The output should hold exactly, and only, the lines from the line bearing "Blooming Azaleas and" through the last line of the listing below, and no pictures.
Segment Start: ENTRIES SHOWN
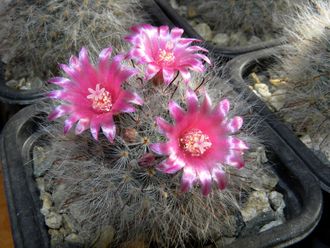 Mammillaria bocasana cv. Lotta Haage - 5 семян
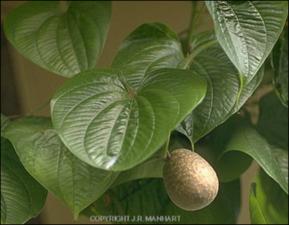 Dioscorea bulbifera (Cultivated)   (click for a larger preview)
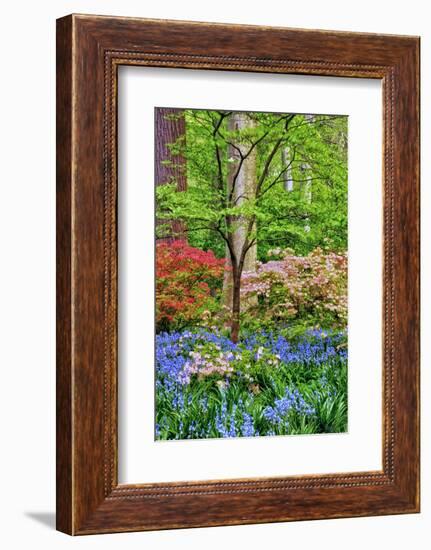 Blooming Azaleas and Bluebell Flowers, Winterthur Gardens, Delaware, USA-null-Framed Photographic Print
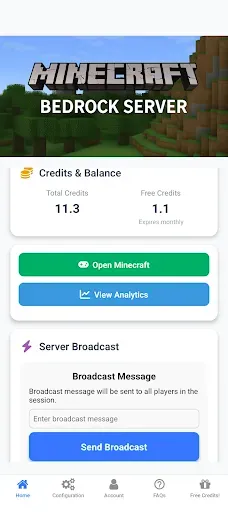 Скриншот 1 — Dedicated Minecraft Server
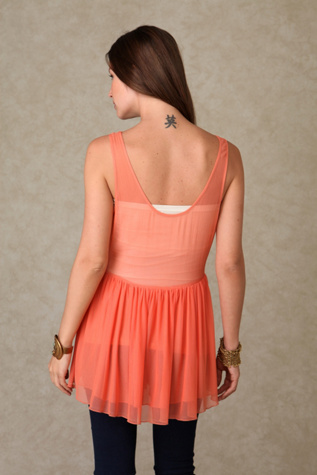Chiffon And Mesh Slip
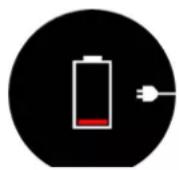 SUUNTO Race - Batterie - 2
Segment End: ENTRIES SHOWN
[REPLY TO THE TASK]
 Blooming Azaleas and Bluebell Flowers, Winterthur Gardens, Delaware, USA-null-Framed Photographic Print
 Скриншот 1 — Dedicated Minecraft Server
Chiffon And Mesh Slip
 SUUNTO Race - Batterie - 2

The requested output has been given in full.